I established first principles calculations, based on density functional theory (DFT), of the structural and electronic properties of the metastable hexagonal lonsdaleite phases of the group-IV semiconductors Si and Ge, and the wurtzite phases of the III-V semiconductors (Al,Ga,In)(P,As,Sb). In addition to the lattice parameters and electronic band structures, DFT calculations of elastic moduli, band edge deformation potentials, band offsets and spontaneous polarisation were also performed.
Based on the DFT-calculated band structures, I established a 10-band k.p Hamiltonian for hexagonal semiconductors. This extends the basis of states included in the conventional 8-band Hamiltonian for wurtzite semiconductors via inclusion of the "pseudo-direct" conduction band, which originates via back-folding of the L-point CB minimum from the conventional cubic (diamond or zinc blende) phase, giving rise to a direct fundamental band gap in Ge and GaP. Parametrisation procedure directly from DFT calculations reproduces the optical matrix elements and selection rules predicted by DFT calculations. This procedure has been applied to several III-V semiconductors, providing k.p parameters suitable for computationally inexpensive analysis of their electronic and optical properties.
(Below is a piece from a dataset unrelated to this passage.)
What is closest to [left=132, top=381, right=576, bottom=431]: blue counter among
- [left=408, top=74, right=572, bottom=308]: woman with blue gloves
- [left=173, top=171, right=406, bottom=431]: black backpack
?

I have implemented predictive calculations of spontaneous emission spectra and the radiative recombination coefficient B. Application to lonsdaleite Ge has produced new insights into the nature of direct-gap optical emission, which has driven a recent rapid growth of research interest in this emerging material system. Calculated spontaneous emission corroborates experiment, showing that the observed optical emission from lonsdaleite Ge is associated with a direct fundamental band gap. Prediction of the dependence of the spontaneous emission on carrier density explains recent experimental data pertaining to stimulated emission being associated with a second, higher-energy emission peak. Achieving stimulated emission is a key step towards demonstration of laser action. My calculations provide quantitative understanding of the observed optical emission. Calculated B coefficient for lonsdaleite Ge is approximately three orders of magnitude lower than that inferred based on initial analysis. This demonstrates that the assumption of purely radiative recombination in lonsdaleite Ge nanowires is unlikely, suggesting that non-radiative recombination plays a significant role. I showed that application of strain to lonsdaleite Ge can enhance the B coefficient by over two orders of magnitude, which promises efficient mid-infrared emission. Application of this calculational approach to III-V semiconductors allowed comparative analysis of light emission in zinc blende vs. wurtzite semiconductors, quantifying differences in radiative recombination between crystal phases.
I established DFT calculations for crystal phase heterostructures, a class of quantum-confined heterostructures formed by varying the crystal structure in a single material. Quantum confinement is generated by changes in the electronic structure between the different crystal phases. For several III-V materials, crystal phase heterostructures have been predicted to possess type-II band offsets, spatially separating electrons and holes and reducing the radiative recombination rate. My calculations for Ge confirm the presence of type-I band offsets, with electrons and holes having high spatial overlap and a radiative recombination rate that can be up to an order of magnitude larger than in unstrained bulk lonsdaleite Ge. This identifies nanostructuring via crystal phase engineering as an interesting route for the development of Si-compatible light-emitting materials.